Drawing heavily on the groundbreaking work of Paul Sweezy and Harry Magdoff, the authors contend that stagnation (slow growth and high unemployment) is the normal state of affairs in mature economies where monopoly capital has come to control the means of production. High levels of profitability has the effect of diminishing the purchasing power of the working class, leading to decreased investment in real productive ventures and increased financial speculation. At some point, finance is almost completely decoupled from the real economy and becomes a driving force on its own, leading to ever increasing indebtedness, inequality and systemic instability.

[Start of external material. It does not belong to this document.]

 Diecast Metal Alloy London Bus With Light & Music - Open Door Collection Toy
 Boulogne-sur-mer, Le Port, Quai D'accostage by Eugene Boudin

Foster and Magdoff convincingly demonstrate the prescience of Sweezy and Magdoff's work, which was written in the 1960's, arguing that today we are witnessing the unfolding of precisely the kind of crisis that had been predicted. We also come to understand how the government's response thus far has remained insufficient to the task inasmuch as policy decisions are made by key decision makers such as Ben Bernanke, who remains wedded to neoliberal orthodoxy. In that light, the administration's attempts to bailout the private sector with public money can be seen as a twisted yet peculiarly logical response by the powerful to fix a broken system that nonetheless heaps further insult upon an overexploited working class. Through their thoughful writing and analysis, Foster and Magdoff help us recognize the real problem as one of financial insolvency wrought by a system that serves only to satiate the wealthy, and implores the rest of us to demand a more sustainable and just system of economics that privilges people before profits.
I highly recommend this outstanding book to everyone.